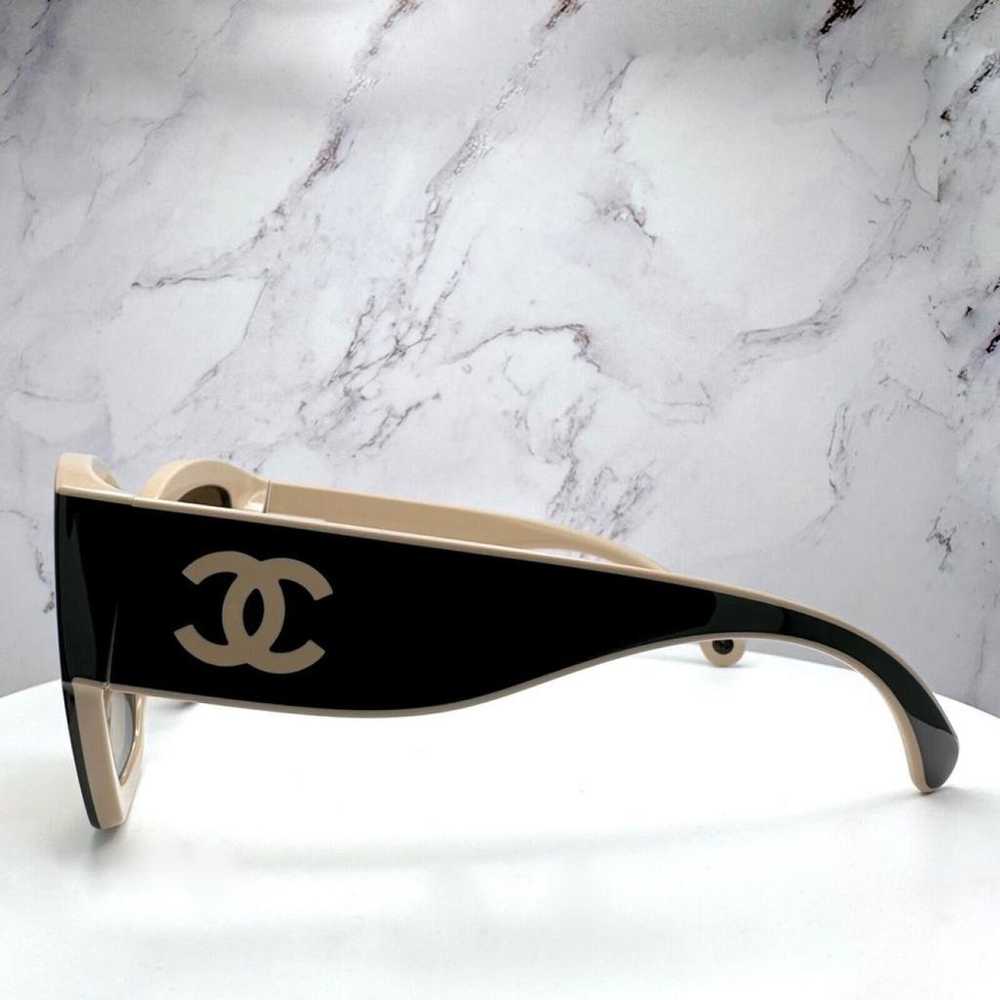 Chanel Sunglasses - image 10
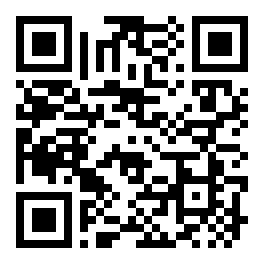 QR 912841dfb04e4cdcb5c0033379e266ca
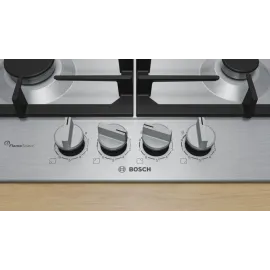 Варочная поверхность BOSCH PCH6A5I90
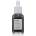 Briogeo Scalp Revival олио за скалпа 30ml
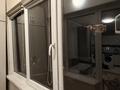 1-бөлмелі пәтер · 20 м² · 4/4 қабат, Сайна 8 — Толе би-Сайна, бағасы: 17 млн ₸ в Алматы, Ауэзовский р-н — фото 11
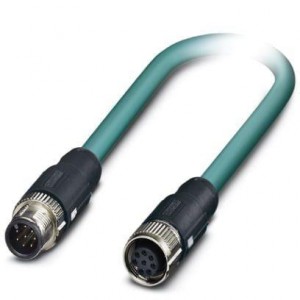 1406119, Кабели Ethernet / Сетевые кабели NBC-MS/ 2.0-94B/ FS SCO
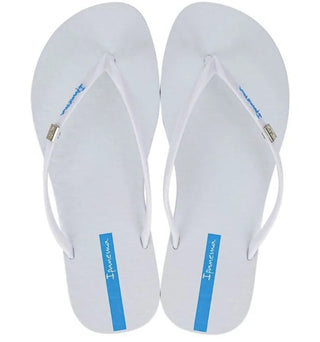 SANDALIA  2IPF72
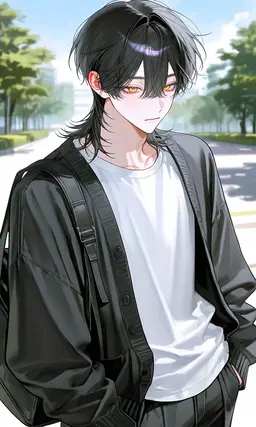 Profile image of 이츠키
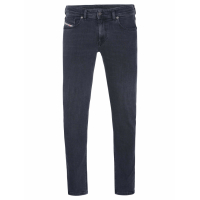 Diesel Men's Jeans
◇ ◇ ◇ ◇ ◇ ◇ ◇
## What this task involves
Restate word for word the lines from the line with "1-бөлмелі пәтер ·" to the last line of the records above, inclusive, and omit every picture.

## Task result
 1-бөлмелі пәтер · 20 м² · 4/4 қабат, Сайна 8 — Толе би-Сайна, бағасы: 17 млн ₸ в Алматы, Ауэзовский р-н — фото 11
 1406119, Кабели Ethernet / Сетевые кабели NBC-MS/ 2.0-94B/ FS SCO
 SANDALIA  2IPF72
 Profile image of 이츠키
 Diesel Men's Jeans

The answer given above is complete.